Camino de diligencias México-Veracruz.
En los años 30 del siglo XIX los caminos de México se habían llenado de ladrones, ya que los gobernantes, enfrascados en la lucha por el poder, no tenían tiempo de ocuparse en la seguridad de los viajeros. Una de las rutas más peligrosas era la de México-Veracruz, recorrida a diario por gente adinerada a bordo de diligencias, así como por numerosos arrieros que traficaban con mercancías entre ambas ciudades.
Sobre ese camino, en el monte de Río Frío, entre los valles de México y de Puebla, operaba una famosa banda de asaltantes, cuyas acciones recrea Manuel Payno en su novela Los Bandidos de Río Frío (1888-1891).
En el primer asalto a la diligencia que encabezó el capitán de bandidos llamado Evaristo, éste apareció de pronto en el camino al frente de un grupo de enmascarados montados en buenos caballos y bien armados.
gritó Evaristo al cochero, haciendo girar y pararse de manos a su caballo alazán y apuntando su pistola en todas direcciones. Cuando el carruaje se detuvo, se acercó a la portezuela derecha, y apuntando dijo: Al que se mueva o grite le vuelo la tapa de los sesos.
Entre los pasajeros se hallaba don Manuel Escandón, uno de los empresarios más poderosos de la capital mexicana, otros dos ricos empresarios, dos señoras ancianas que regresaban a Puebla con sus dos criadas, y dos comerciantes que bajaban a Veracruz a hacer sus compras de invierno.

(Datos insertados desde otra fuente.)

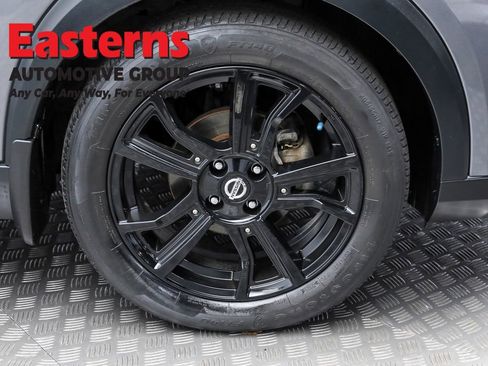 Used 2020 Nissan Kicks SR FWD image 28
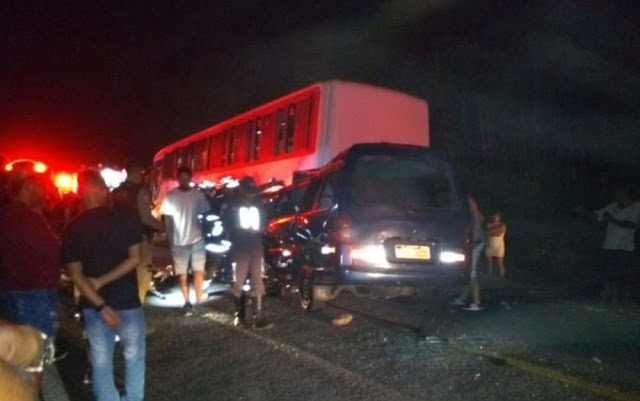 Colisão entre van e ônibus deixa 4 mortos e 10 feridos no sudoeste da Bahia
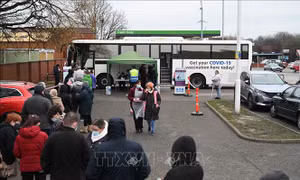 Anh bỏ quy định làm việc tại nhà đối với vùng England 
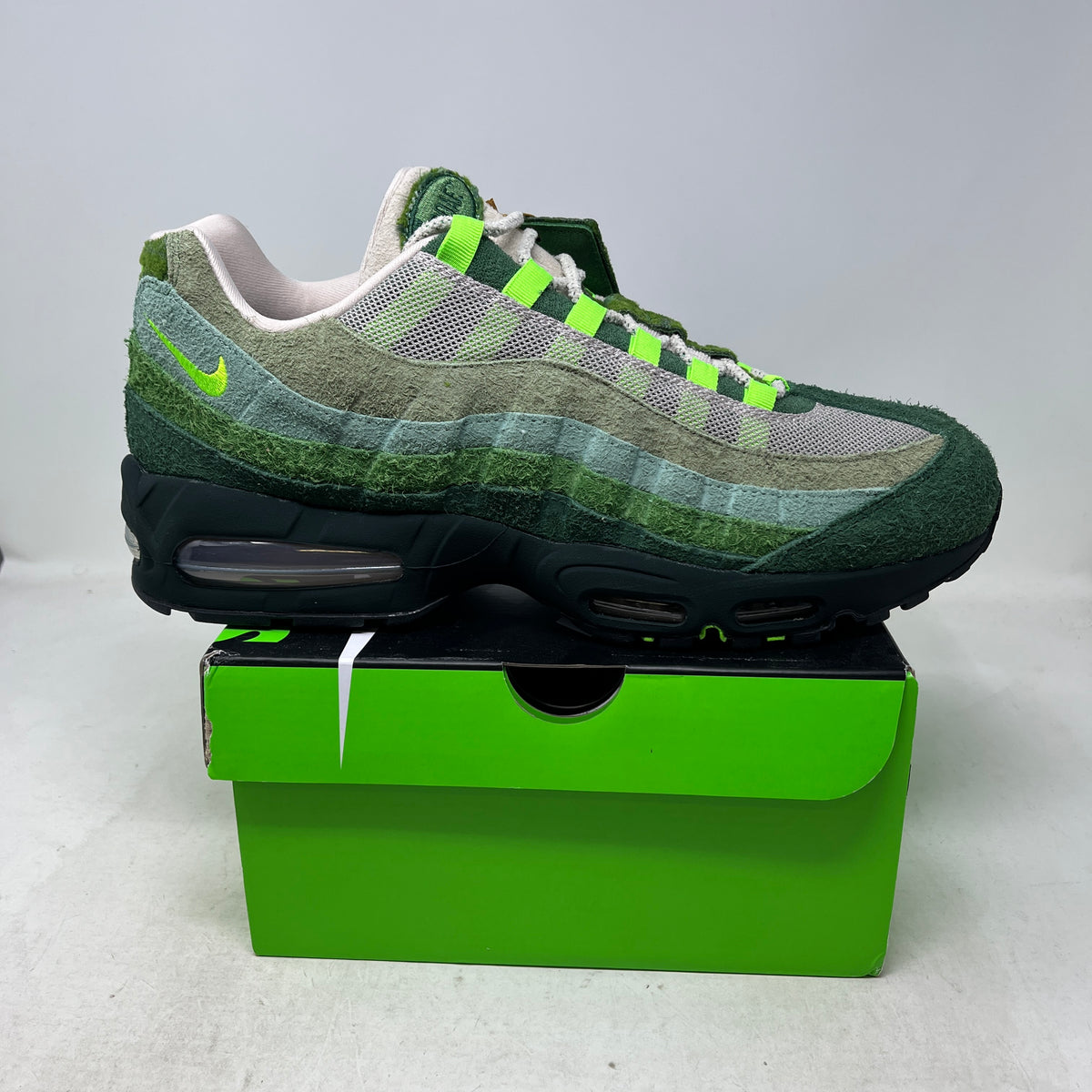 Nike Air Max 95 Big Bubble Ducks of a Feather Oregon Ducks The Woods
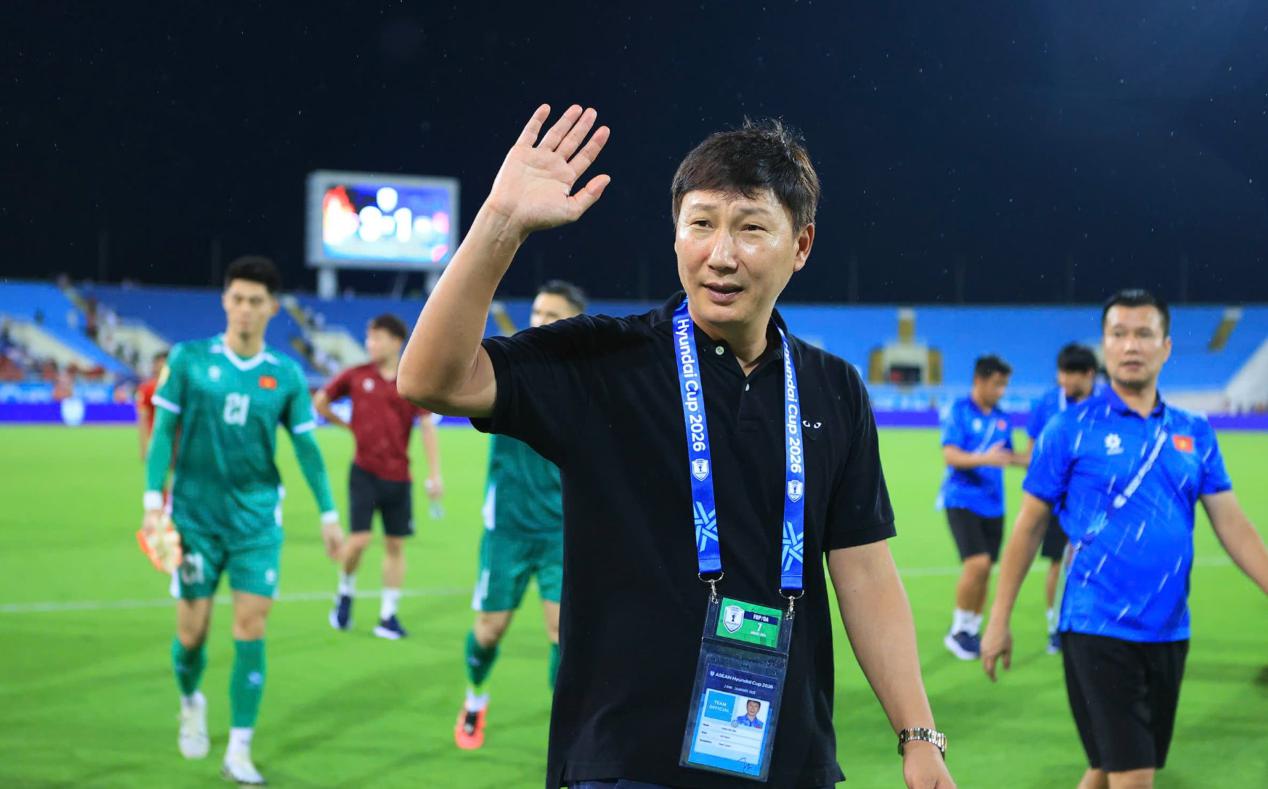 Ông Kim Sang-sik tiết lộ lý do rút Hoàng Đức ra nghỉ sớm. Ảnh: VFF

Todos ellos habían oído hablar del peligro que había en ese punto del camino, pero también sabían que si no oponían resistencia, podían salvar la vida. Ante el terror de sus compañeros de viaje, don Manuel Escandón dijo tranquilamente: No hay necesidad de violencia, señor capitán. Estamos prontos a hacer lo que usted mande.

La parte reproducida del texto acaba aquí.